PAMEKASAN, MADURANET – Pemerintah Kabupaten Pamekasan mulai menyiapkan distribusi air bersih untuk menghadapi potensi kekeringan pada musim kemarau tahun ini. Sebanyak tiga armada tangki air disiagakan untuk memenuhi kebutuhan masyarakat di wilayah yang terdampak.
Plt Kepala Pelaksana Badan Penanggulangan Bencana Daerah (BPBD) Pamekasan, Akhmad Dhofir Rosidi, mengatakan kesiapan armada dilakukan lebih awal mengingat musim kemarau tahun ini dipengaruhi fenomena El Nino yang berpotensi memperluas wilayah terdampak kekeringan.

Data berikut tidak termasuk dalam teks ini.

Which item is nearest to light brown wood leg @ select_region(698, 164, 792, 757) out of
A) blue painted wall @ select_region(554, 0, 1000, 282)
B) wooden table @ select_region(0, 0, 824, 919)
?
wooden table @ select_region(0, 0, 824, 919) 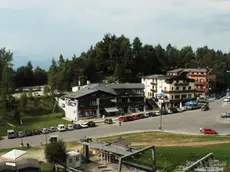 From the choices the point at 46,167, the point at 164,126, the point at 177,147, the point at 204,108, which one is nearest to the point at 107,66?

“Karena ada fenomena ini, kemungkinan wilayah yang terdampak bertambah itu ada. Namun, untuk saat ini yang terdampak masih relatif sedikit dibandingkan tahun-tahun sebelumnya,” kata Dhofir, Kamis (9/7/2026).
Menurut dia, BPBD tidak hanya mengandalkan armada milik pemerintah daerah. Jika jumlah desa terdampak meningkat, distribusi air bersih juga akan melibatkan pihak ketiga, termasuk Perusahaan Daerah Air Minum (PDAM).
“Kami sudah menyiapkan tiga armada tangki air. Nanti juga akan bekerja sama dengan pihak lain dan menyesuaikan dengan jumlah desa penerima bantuan,” ujarnya.
Meski armada telah disiapkan, BPBD masih menunggu hasil verifikasi usulan desa yang berpotensi mengalami kekeringan. Saat ini proses pendataan masih berlangsung di tingkat kecamatan.
Hasil verifikasi tersebut akan menjadi dasar penyusunan Surat Keputusan (SK) Bupati yang memuat daftar desa beserta jumlah dusun terdampak. Dalam SK itu juga akan dicantumkan kategori wilayah, yakni kering langka atau kering kritis, sebagai dasar penyaluran bantuan air bersih.
Dhofir menjelaskan, fenomena El Nino diperkirakan membuat jumlah desa penerima bantuan bertambah dibandingkan tahun lalu. Berbeda dengan 2025 yang dipengaruhi La Nina atau kemarau basah, musim kemarau tahun ini diperkirakan berlangsung lebih kering sehingga berpotensi memunculkan usulan desa-desa baru yang membutuhkan distribusi air bersih.
“Puncak musim kemarau diperkirakan terjadi pada Agustus hingga September. Karena itu, kami melakukan persiapan lebih awal agar distribusi air bersih dapat segera dilakukan setelah data desa terdampak ditetapkan,” katanya.
Tahun ini, BPBD Pamekasan memprediksi potensi kekeringan terjadi di seluruh kecamatan di Pamekasan, kecuali Kecamatan Pakong. Sedangkan 12 kecamatan lainnya, berpotensi mengalami kekeringan. Empat kecamatan paling parah yakni Kecamatan Batumarmar dengan 11 desa terdampak. Kecamatan Waru dengan 11, Kecamatan Palengaan dengan 10 desa terdampak, dan Kecamatan Tlanakan dengan 10 desa terdampak.
Sedangkan Kecamatan Pamekasan, yang sebelumnya tidak pernah merasakan dampak kekeringan, tahun ini diprediksi ada satu desa dengan 3 dusun yang akan terdampak.
Secara keseluruhan, desa yang diprediksi terdampak kekeringan tahun ini, berjumlah 85 desa yang terbagi ke dalam 338 dusun se-Kabupaten Pamekasan.